Concord School of Philosophy, One of the First Adult Schools in the Country

Looking pensive at the Concord School of Philosophy. I deserve a paid modeling job!

Famed author Louisa May Alcott gets a lot of credit for her amazing writing contributions, including her classic novel, Little Women. Well-deserved, of course!

But it’s worth noting that her father, Amos Bronson Alcott, was no schlub either. In 1880, he had the Concord School of Philosophy built on the grounds of their home, the Orchard House.

A progressive educator and philosopher, the elder Alcott had the building constructed as an education center for adults — one of the first such schools in the country. He had previously been holding courses in the study of Orchard House.

According to signage posted on the building, “Mr. Alcott co-founded it with his dear friend Ralph Waldo Emerson, Concord school teacher Franklin Sanborn, and Midwestern educator, William Torrey Harris, the last of whom became the only other owner of Orchard House after the Alcotts, as well as Secretary of Education under four Presidents.”

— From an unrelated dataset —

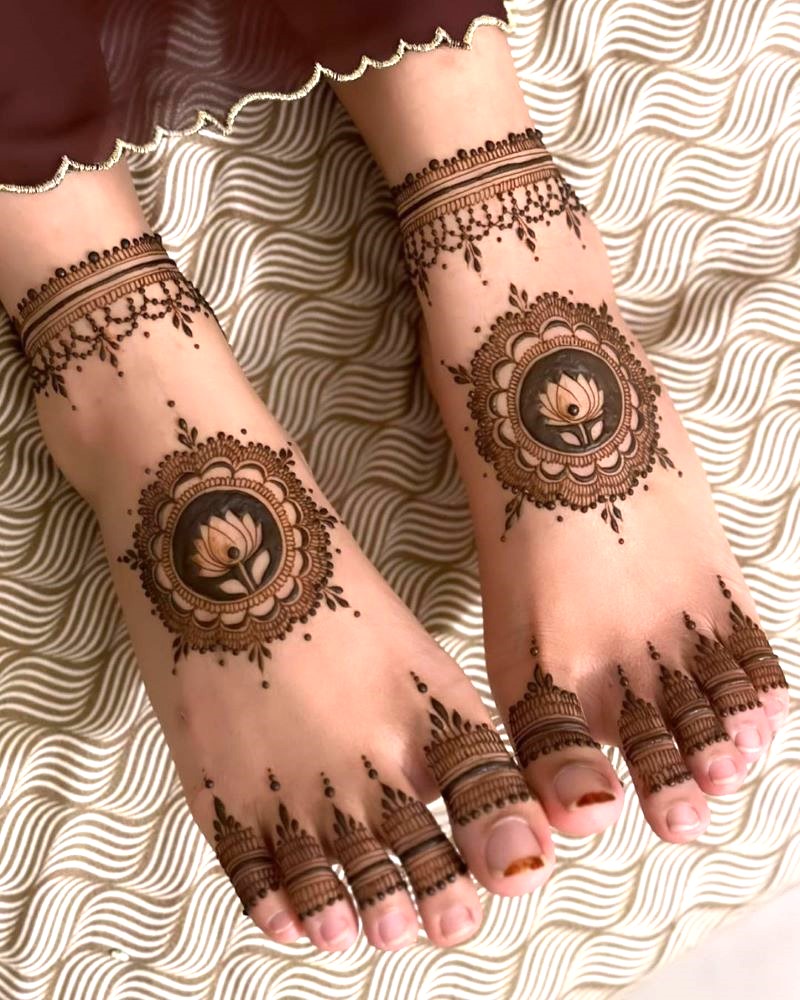 mandala mehndi design for leg with lotus flowers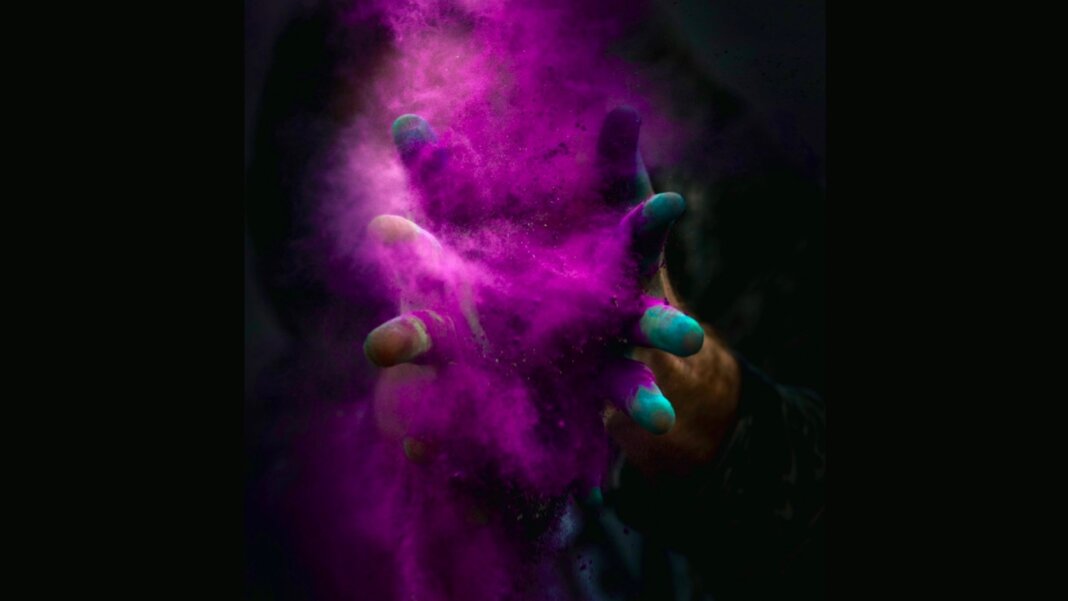 tech stories hands purple powder explosion black background enhanced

Originally dubbed “Hillside Chapel,” the rustic, Gothic Revival building hosted school sessions for eight years, only closing its doors to honor the 1888 death of Alcott.

“In 1975, The School was renovated and began to host Orchard House’s Summer Conversational Series and Teacher Workshops,” the sign reads. “Youth educational programs, poetry readings, author events, and musical entertainments have also been presented within to the benefit and delight of local residents and visitors around the world.”

The school and the Orchard House are less than .25 miles from the home of Emerson, which we featured a few weeks ago.